Return only this: the line with "Fototapeta premium Detail" and all the lines that follow it below, through the final one, exactly as they are.

-- Listed entries --

══════════

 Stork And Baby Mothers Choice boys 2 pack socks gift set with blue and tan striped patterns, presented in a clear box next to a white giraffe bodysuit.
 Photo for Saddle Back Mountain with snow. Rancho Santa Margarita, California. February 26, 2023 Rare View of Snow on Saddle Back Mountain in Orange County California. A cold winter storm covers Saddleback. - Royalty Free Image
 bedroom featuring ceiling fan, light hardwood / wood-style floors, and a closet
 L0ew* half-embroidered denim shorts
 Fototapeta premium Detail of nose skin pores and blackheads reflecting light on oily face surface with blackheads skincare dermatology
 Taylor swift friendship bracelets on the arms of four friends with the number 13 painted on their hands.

══════════

-- Answer area --
 Fototapeta premium Detail of nose skin pores and blackheads reflecting light on oily face surface with blackheads skincare dermatology
 Taylor swift friendship bracelets on the arms of four friends with the number 13 painted on their hands.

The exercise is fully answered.